■ **Stored data**:
============================================================
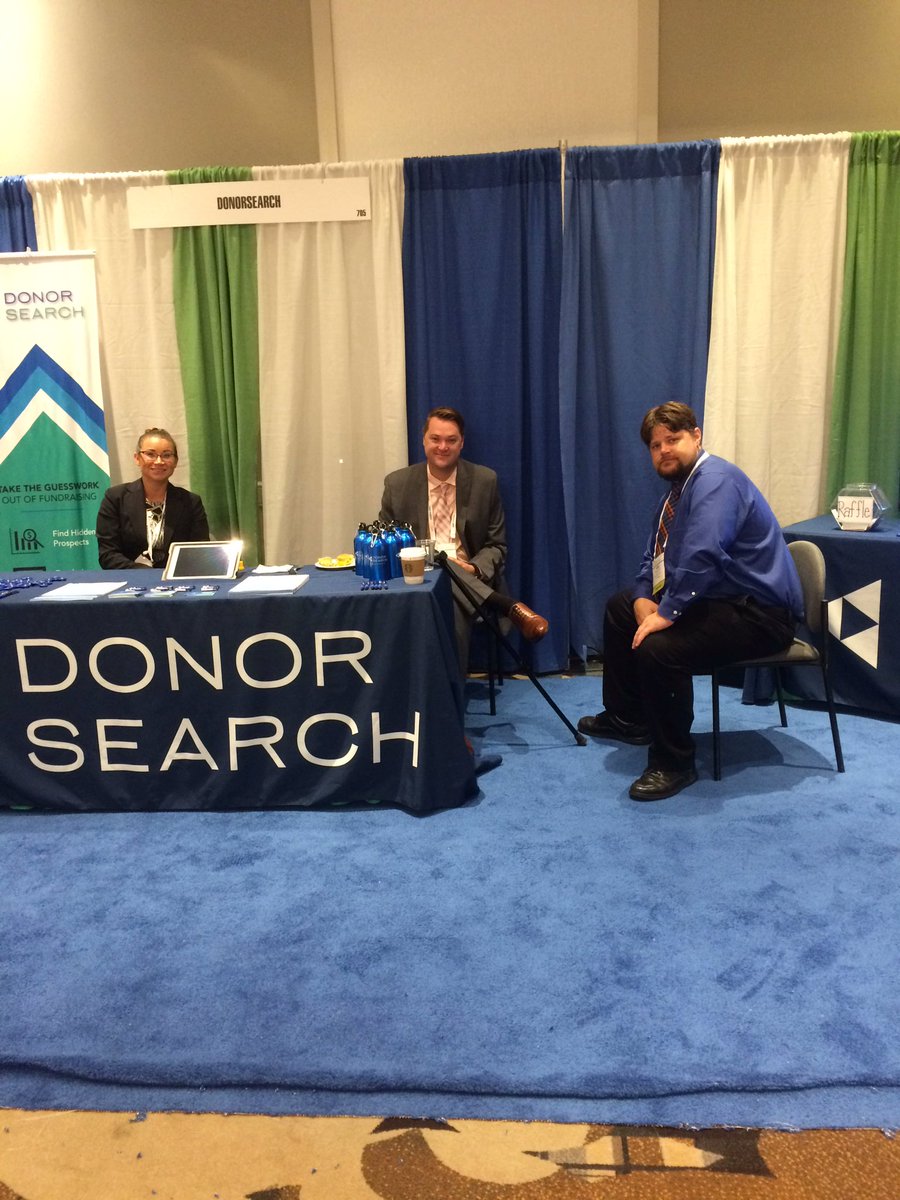 DonorSearchCath's tweet photo. #ApraPD17 fidget spinners have been replenished! https://t.co/nHaO9uzZZc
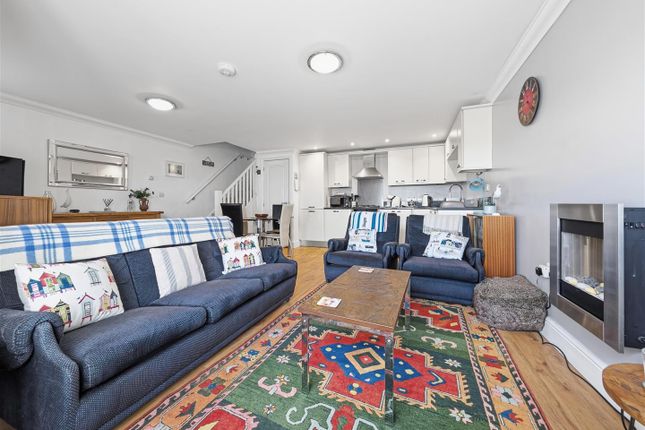 3, Bay View, Central Parade, Herne Bay photo 2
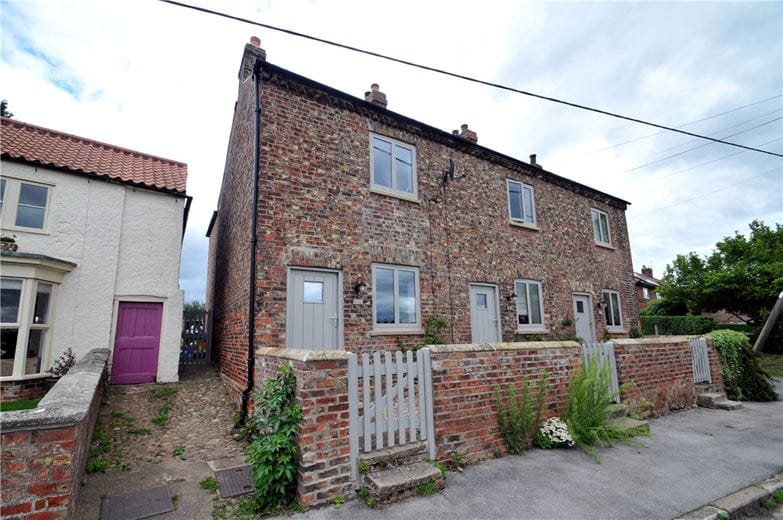 2 bedroom house, The Cottages, Kirk Hammerton YO26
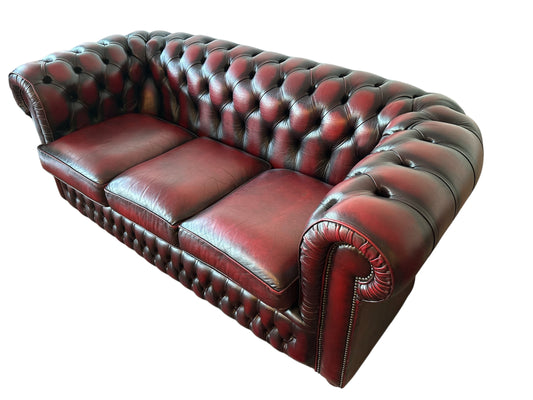 Chesterfield 3-sits soffa i oxblood läder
============================================================
■ **Your objective**:
Transcribe each line of the material above verbatim, but do not include the images.

■ **Result**:
 DonorSearchCath's tweet photo. #ApraPD17 fidget spinners have been replenished! https://t.co/nHaO9uzZZc
 3, Bay View, Central Parade, Herne Bay photo 2
 2 bedroom house, The Cottages, Kirk Hammerton YO26
 Chesterfield 3-sits soffa i oxblood läder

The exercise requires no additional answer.